• **EXERCISE DETAILS**
Leave the pictures out and repeat the rest of the data below exactly.

• **DATA EXTRACT**

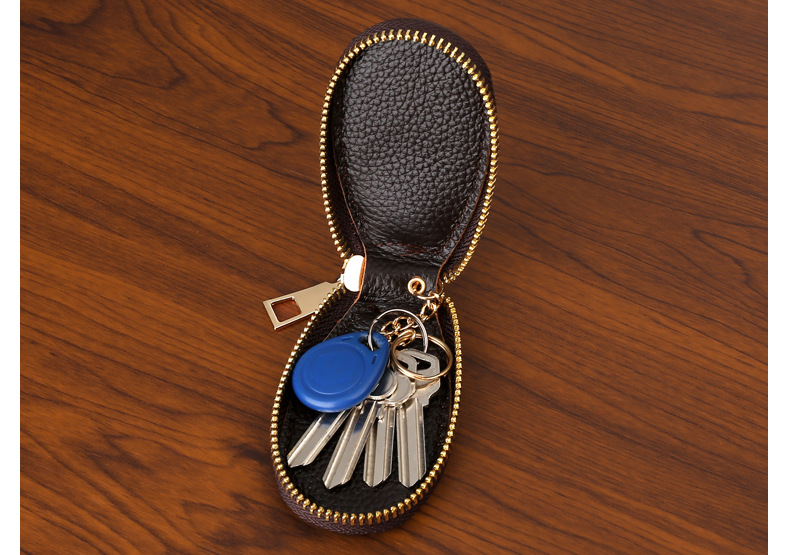 钥匙包男女锁匙包通用汽车大容量多功能钥匙扣收纳包简约小巧家用详情9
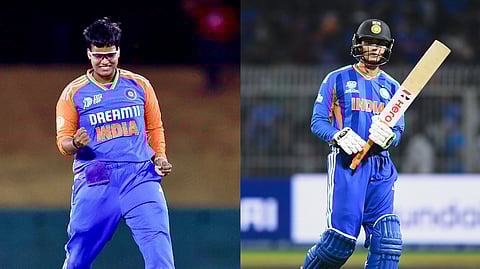 Deepti Sharma (L) earned the honour after emerging as the top wicket-taker in last year's ICC Women's ODI World Cup with 22 wickets. Abhishek Sharma (R) had a breakout 2025 season, scoring 859 runs from 21 matches at an awesome strike rate of 193 with a hundred and five fifties.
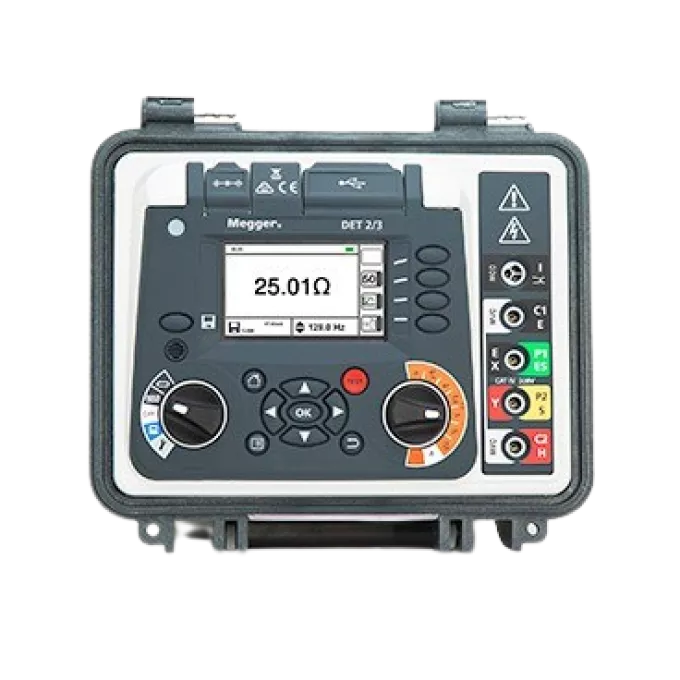 Megger DET2/3 Advanced Earth (Ground) Tester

• **ANSWER BOX**
 钥匙包男女锁匙包通用汽车大容量多功能钥匙扣收纳包简约小巧家用详情9
 Deepti Sharma (L) earned the honour after emerging as the top wicket-taker in last year's ICC Women's ODI World Cup with 22 wickets. Abhishek Sharma (R) had a breakout 2025 season, scoring 859 runs from 21 matches at an awesome strike rate of 193 with a hundred and five fifties.
 Megger DET2/3 Advanced Earth (Ground) Tester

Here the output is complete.